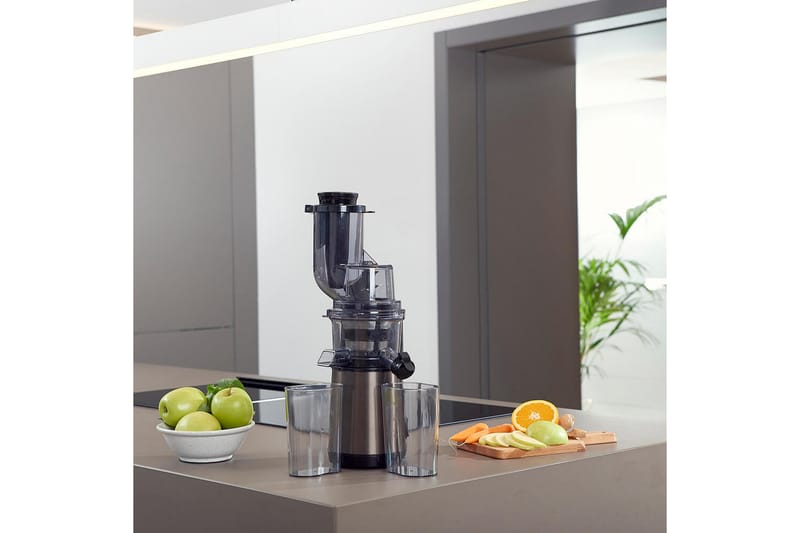 Slow Juicer Borstat Stål - BLACK+DECKER - Köksredskap & kökstillbehör - Slowjuicer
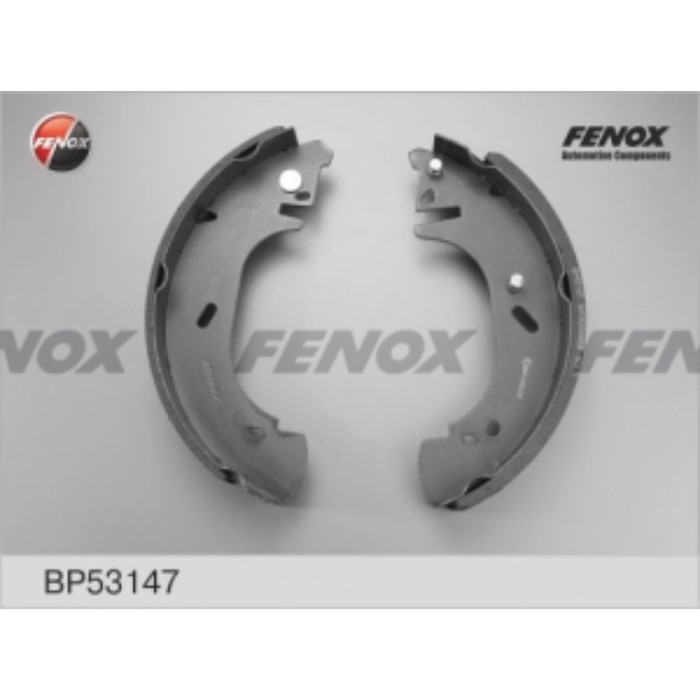 Колодки тормозные FENOX bp53147
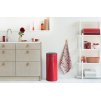 Cubo con tapa táctil TOUCH BIN NEW, 30 l, rojo, Brabantia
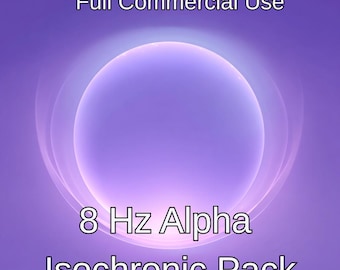 8 Hz Alpha-Theta Isochronic Tones for Creativity & Manifestation | Schumann Resonance | Flow State Audio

####

Exercise description ▸ Repeat the material above exactly; any picture in it is left out.

Response below ▸
 Slow Juicer Borstat Stål - BLACK+DECKER - Köksredskap & kökstillbehör - Slowjuicer
 Колодки тормозные FENOX bp53147
 Cubo con tapa táctil TOUCH BIN NEW, 30 l, rojo, Brabantia
 8 Hz Alpha-Theta Isochronic Tones for Creativity & Manifestation | Schumann Resonance | Flow State Audio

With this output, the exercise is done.